I diritti umani e i Dieci comandamenti

E allora, perché mai lo sfoggio pubblico di Kim rappresenta una tale offesa agli integralisti religiosi? Come dimostra la nostra società liberal-permissiva, i diritti umani sono in ultima analisi il diritto a violare i Dieci comandamenti. «Il diritto alla privacy» equivale al diritto all’adulterio, consumato in segreto. «Il diritto alla felicità individuale e al possesso di proprietà privata» è il diritto al furto (e allo sfruttamento del prossimo). «La libertà di stampa, opinione, espressione» incarna il diritto a mentire, calunniare e umiliare gli altri. «Il diritto dei liberi cittadini al possesso di armi» significa il diritto di uccidere. E infine, «la libertà di religione» significa il diritto ad adorare false divinità. Ovvio, i diritti umani non condonano esplicitamente la violazione dei Comandamenti, si limitano a tenere a disposizione una «zona grigia» marginale, che dovrebbe rimanere fuori dagli assalti del potere (religioso o secolare). In questa zona fumosa posso violare i comandamenti e se il potere si intromette ecco che posso legittimamente gridare: «Questo è un attacco ai miei diritti umani fondamentali!». Kim Kardashian appartiene a questa stessa zona grigia: con la sua volgarità viola tutti i comandamenti del buon gusto, ed è per questo che molti di noi la trovano irresistibile.

La fama costruita sul nulla

È fin troppo facile prendere in giro la povera Kim: è insulsa, la sua spontaneità è finta, non è mai lei stessa (ciò che è veramente), ma recita se stessa, proiettando un’immagine idealizzata. È facile puntare il dito sulla sua fama costruita sul nulla, dire che è famosa solo perché così appare, ma non sarà forse che lei incarna quello che tutte le «persone famose» hanno in comune nelle società consumistiche? Prendiamo quella che potrebbe apparire all’estremo opposto di Kim: Angelina Jolie, con i suoi impegni umanitari per salvare queste o quelle vittime in giro per il mondo. Mentre tutti si fanno beffe di Kim, la Jolie viene ricevuta dai capi di Stato e pare che l’anno prossimo terrà una serie di lezioni alla London School of Economics. Per me, Jolie solleva qualche dubbio. Mentre sia Kim che Jolie sono protagoniste attive del culto della celebrità, Jolie aspira al meglio di entrambi i mondi. Da un lato sfrutta il culto della celebrità e dall’altro si sforza di smorzare questo aspetto proponendosi come agente di cause «alte». La vera oscenità non è l’esibizionismo spudorato di Kim, ma la Jolie che ama presentarsi come personaggio etico-politico genuino.

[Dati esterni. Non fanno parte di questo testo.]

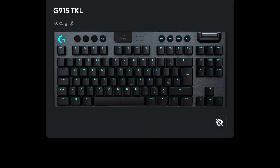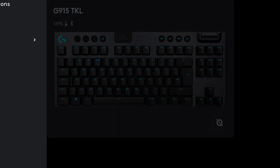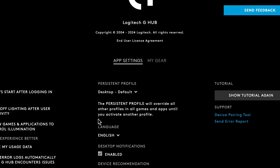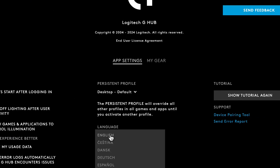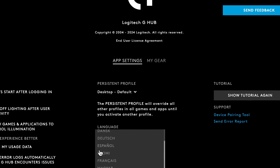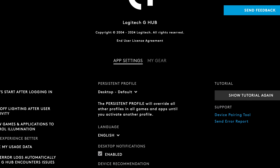Alright, so to do this, firstly we have to click on this icon on the left top corner, next we have to click on the settings, and right here in the language we can change the language of our software app — and basically that's it.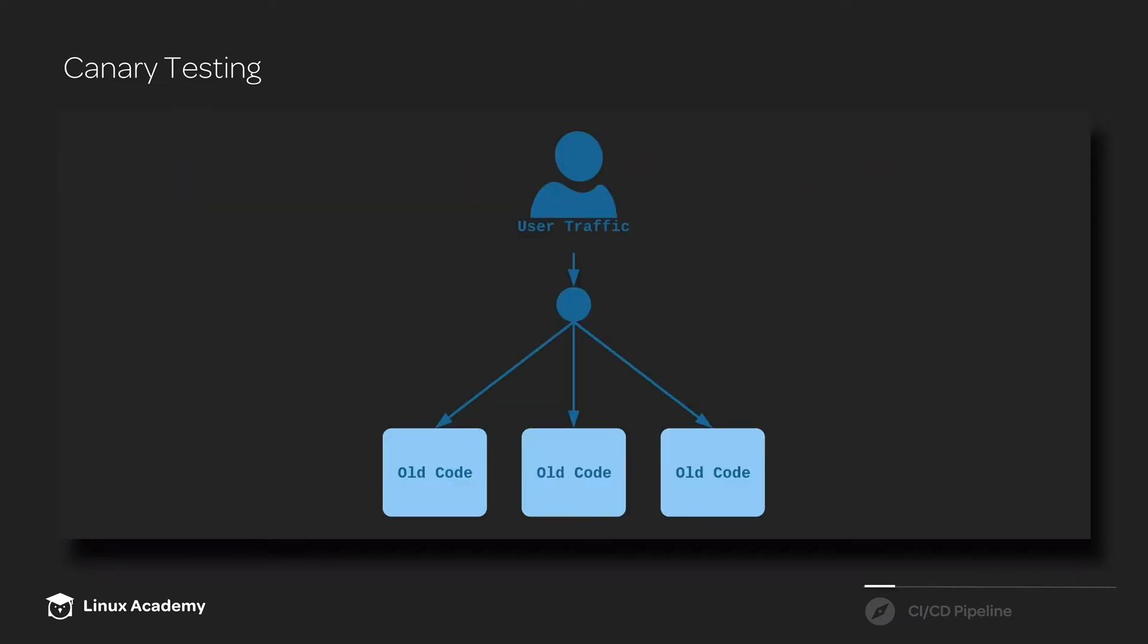So here's a visualization of what canary testing looks like. When we're not doing any testing and we're not making any changes, and the application is just running and users are using it, here's what it looks like. Our user traffic is coming in and is being balanced across our different nodes that are running the old code.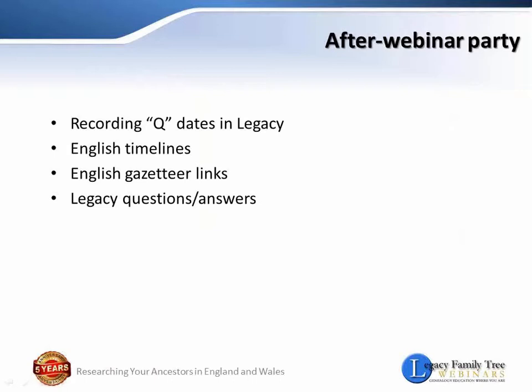Here we go. After Webinar Party starts now. Totally informal, unscripted. Just wrote down a few ideas on sharing this.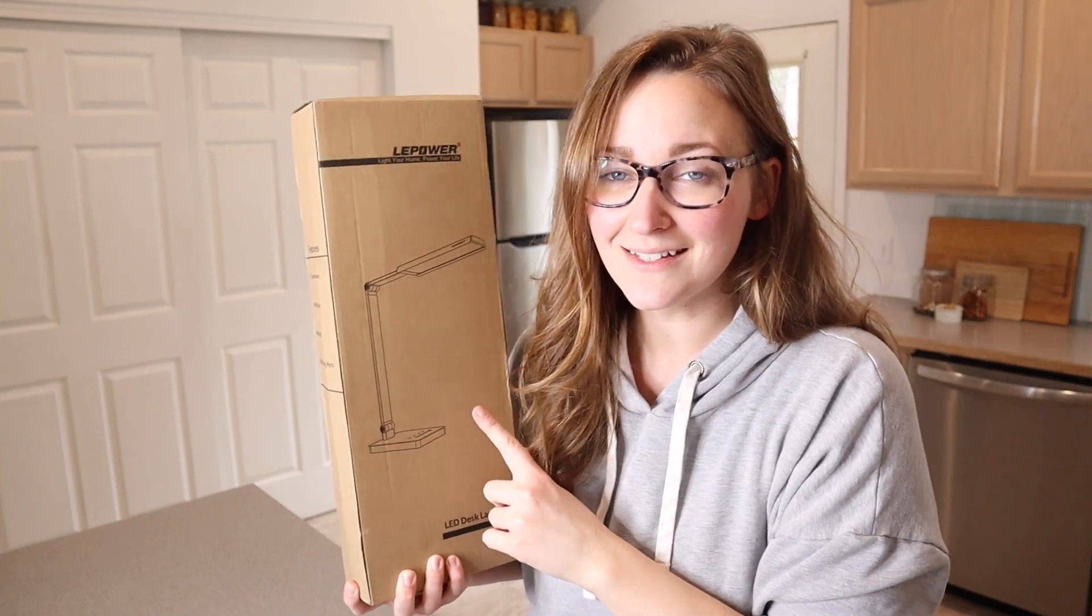Right here I have this LED desk lamp. I'm gonna go ahead and open this up and show you what it looks like and then we're gonna set it up and use it.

Il consumatore consapevole

Farsi beffe di Kim ci fa dimenticare che la stupidità da noi proiettata in lei altro non è che la sostanza da noi tutti condivisa. Ricordiamo la battuta di Brecht, dall’Opera da tre soldi: «Cosa sarà mai una rapina in banca, in confronto alla fondazione di una nuova banca?». Cosa sarà mai l’oscenità di Kim in confronto all’oscenità che pervade tutte le celebrità che si prestano a sostenere cause umanitarie? E se disprezzare Kim facesse parte integrante della sua celebrità? E se il consumatore ideale dei suoi show e dei suoi social non fosse un ingenuo adoratore, ma un consumatore consapevole che, pur sapendo quanto sia volgare, continua a seguire le sue vicende e a godersi il senso di superiorità che tale conoscenza gli garantisce?